# Parabola

**1. Definition of a Parabola:**

- A parabola is a U-shaped curve formed by intersecting a cone with a plane parallel to its side.
- It is defined as the set of points that are equidistant from a fixed point (the focus) and a fixed line (the directrix).

**2. Equation of a Parabola:**

- General equation: $y=a{x}^{2}+bx+c$ or $x=a{y}^{2}+by+c$, where $a$, $b$, and $c$ are constants..
- Standard form for a vertical parabola with its vertex at $(h,k)$: $y=a(x-h{)}^{2}+k$.
- Standard form for a vertical axis of symmetry: $y=a{x}^{2}+bx+c$.
- Standard form for a horizontal axis of symmetry: $x=a{y}^{2}+by+c$.
- For a horizontal parabola, the equation becomes $x=a{y}^{2}+by+c$ or $x=a(y-k{)}^{2}+h$.

**3. Elements of a Parabola:**

**Focus and Directrix:**- Focus: A fixed point on the axis of symmetry, equidistant from any point on the parabola.
- Directrix: A fixed line perpendicular to the axis of symmetry, also equidistant from any point on the parabola.

**Axis of Symmetry:**- A line that divides the parabola into two symmetric halves. For a vertical parabola, the axis is parallel to the y-axis; for a horizontal parabola, it's parallel to the x-axis.

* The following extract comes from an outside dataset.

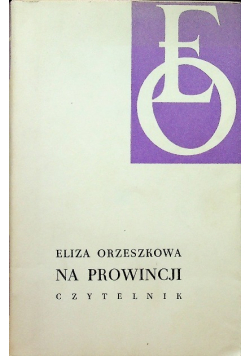 Na prowincji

**Vertex:**- The point where the parabola intersects its axis of symmetry. It's the minimum (for a downward-opening parabola) or maximum (for an upward-opening parabola) point on the graph.

**4. Properties of Parabolas:**

- The parabola opens upward if the coefficient $a$ is positive and downward if $a$ is negative in the equation $y=a{x}^{2}+bx+c$.
- If the coefficient of the squared term is $1$ (i.e., $y={x}^{2}$), the parabola is symmetric around the y-axis.
- If the squared term is ${x}^{2}$ in $x=a{y}^{2}+by+c$, the parabola is symmetric around the x-axis.

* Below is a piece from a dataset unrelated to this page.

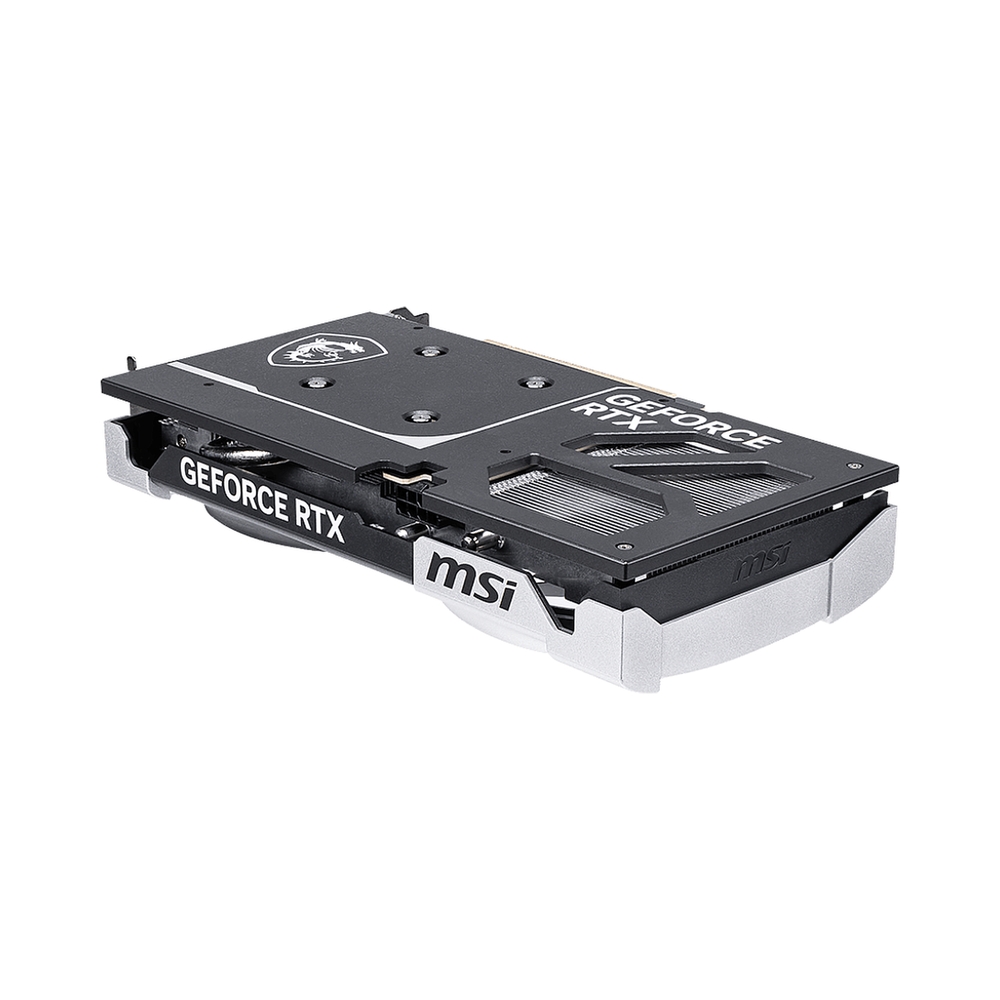 Видеокарта MSI GeForce RTX 5060 Ti VENTUS 2X PLUS OC [RTX 5060 Ti 8G VENTUS 2X OC PLUS] — KSKSHOP.RU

**5. ****Types of Parabolas:**

**Vertical Parabola:**- Opens either upward (if $a>0$) or downward (if $a<0$).
- Standard form: $y=a{x}^{2}+bx+c$.

**Horizontal Parabola:**- Opens either rightward (if $a>0$) or leftward (if $a<0$).
- Standard form: $x=a{y}^{2}+by+c$.

** Applications of Parabolas:**

- Real-life applications include projectile motion (like the path of a thrown object), satellite dish designs, and reflecting telescopes.
- Used in engineering for designing lenses and mirrors to focus light and in architecture for designing arches.